Over time, the ACA will phase in a number of other demonstration projects involving dedicated pharmacist care as part of a team of providers for non-Medicare patients, and this will further strengthen the public’s perception of the pharmacist as an integral part of the medical care team.
 
What this means for pharmacists is that a new era of heightened professional practice is about to begin, and a new stream of income is about to open up. Those who can see what’s coming and prepare for it will fare best. At PBA Health, we are advising all of our members to prepare for private consultation appointments with patients and to lay the groundwork now for patient intake and management protocols, appointment scheduling, and the setting of fees.
 
This will benefit the patient without adding to overall costs. For example, a pharmacist may do an initial consult and charge, say, $60 to $100 for an hour visit. This consult may include talking with the prescribing physician, psychologist, dentist, nurse, and insurance company, in addition to the patient. After a comprehensive review, the pharmacist may deem a drug the patient is taking unnecessary and remove it from their regimen, which could save the patient hundreds of dollars each year. Or, the pharmacist may recognize a potential drug interaction and adjust the patient’s drugs or dosages to avoid the problem, protecting the patient against potential health problems and all of the costs that would result. And the patient isn’t the only one who stands to save money as a result; MTM and MTS will greatly reduce the chances of adverse reactions or side effects that lead to emergency hospital visits, helping to decrease overall health care costs.
 
The American Medical Association (AMA) provides 3 billing codes that pharmacists can use for face-to-face patient consultations. Whether an insurance company will reimburse a patient for pharmacist consultation fees is another matter, however.
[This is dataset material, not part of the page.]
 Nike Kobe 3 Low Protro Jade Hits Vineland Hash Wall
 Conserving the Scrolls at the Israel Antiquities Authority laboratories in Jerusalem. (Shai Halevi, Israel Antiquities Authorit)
Under the ACA, Medicare will be required to pay for these very services for eligible patients, billed under any of these AMA codes. It is hoped that over time, the reimbursement models pioneered by the Medicare demonstration projects will be adopted by private insurers as well. Once patients see and understand how cognitive services can benefit them, they may even choose to pay for the services out of pocket just as they pay for legal or financial services.
 
The ACA gives independent pharmacists the opportunity to provide additional care to their patients and increase their profit margins. It’s time to plan ahead and be prepared for this positive new change in our country’s health care system. Pharmacists need to educate themselves about ACOs and formulate a strategy for being included in ACOs that are being formed in their area. A good overview of this process can be found in an article entitled “Pharmacists’ Role in Accountable Care Organizations” by Lisa Daigle of the American Society of Health-System Pharmacists.

Nick Smock is CEO of PBA Health, a purchasing and pharmacy services organization (PSO) that offers a menu of service options to help community pharmacies buy, operate, and sell more effectively. PBA Health serves more than 2400 independent pharmacies.